Mais um dia de tormenta na vida daquele pobre rapaz

Como tem chovido naquela cidade grande.

Tudo está alagado. Desde cedo ao anoitecer.

Antonino, rapaz esperto, trabalhador, se preparava para deixar o pequeno apartamento, onde morava de favor, era mais ou menos cinco horas da manhã, quando abriu a janela. Lá fora caía uma tempestade. Mal se podia ver a serra devido à bruma que empanava a visão.

Pelo noticiário da televisão algumas mortes haviam acontecido. Pessoas que moravam em áreas de risco perderam a vida debaixo de um monte de entulhos. Suas casinhas pobres foram soterradas durante a madrugada. Ali só restaram saudades daquelas pessoas que infelizmente não tiveram a sorte de habitarem em lugares seguros.

Antonino, mesmo sabendo do risco que corria, deixou o pequeno apartamento depois de um café requentado. Ele precisava trabalhar. Afinal era o primeiro emprego que conseguiu depois de longa espera. Passou três longos anos peregrinando de porta em porta, em busca de uma ocupação.

Como não tinha formação profissional especializada, só pôde estudar até o segundo grau, o jovem rapaz se sujeitaria a qualquer coisa. Para ele todo trabalho era digno. Foi o que lhe ensinou o pai, falecido na semana passada.

Por sorte Antonino conseguiu, depois de dura procura, um trabalho numa padaria no centro da cidade. Para chegar até lá deveria pegar cerca de três conduções.

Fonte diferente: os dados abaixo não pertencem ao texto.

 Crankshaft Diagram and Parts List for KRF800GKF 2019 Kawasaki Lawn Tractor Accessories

Era uma distância de fazer inveja a mais de duas maratonas. Para economizar a passagem da lotação Antonino resolveu comprar uma bicicleta de segunda mão. E mesmo assim pediu prazo no pagamento. O que dispunha era suficiente para dar a entrada. O resto o vendedor deixou para assim que Antonino recebesse o primeiro salário.

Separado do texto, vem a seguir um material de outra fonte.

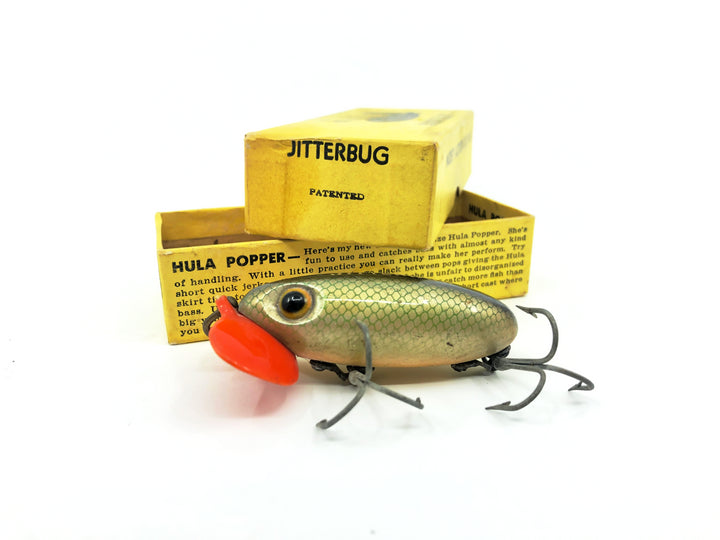 Arbogast Plastic Red Lip Jitterbug 1940's WWII Era, #26 Green Scale Color with Box - War Bug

Naquela manhã chuvosa, esperançoso de se dar bem no primeiro emprego, Antonino deixou o apartamento em meio a uma aguaceira danada. Não se via nenhum sinal do sol. Ele por certo ainda dormia. Em meio aquelas nuvens cinzentas.

Quando se viu na rua, antes das seis da manhã, o pobre Antonino passou a imaginar quantas dificuldades teria de enfrentar. O trânsito estava parado. Uma longa fila de automóveis impedia qualquer chance de ir adiante. A rua tinha se transformado num verdadeiro rio. Junto ao meio fio um turbilhão de água insalubre arrastava tudo que tinha pela frente.

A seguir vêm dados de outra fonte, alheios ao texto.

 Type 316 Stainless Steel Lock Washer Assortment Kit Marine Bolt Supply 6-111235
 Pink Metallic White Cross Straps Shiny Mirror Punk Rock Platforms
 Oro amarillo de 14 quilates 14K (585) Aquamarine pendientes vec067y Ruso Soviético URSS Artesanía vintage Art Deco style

Mesmo assim o valente rapaz seguiu em frente. A sua bicicletinha tinha de fazer verdadeiros malabarismos para não atolar naquela enxurrada lamacenta. Durante mais de duas longas horas, enfrentando aquela tempestade, Antonino, afinal, conseguiu chegar à padaria. Mas tudo estava alagado. O pobre proprietário, imerso num lodaçal de problemas, com água pela cintura, tentava fazer de tudo para salvar a sua loja afundada naquela enchente sem precedentes.

Antonino arregaçou as mangas. Na intenção de ajudar ao patrão. Ficaram os dois quase meio dia para retirar toda água de dentro da padaria. Mas dentro dela só restaram sujeira, lama até o teto, os pães boiando na enchente. Foi perda total.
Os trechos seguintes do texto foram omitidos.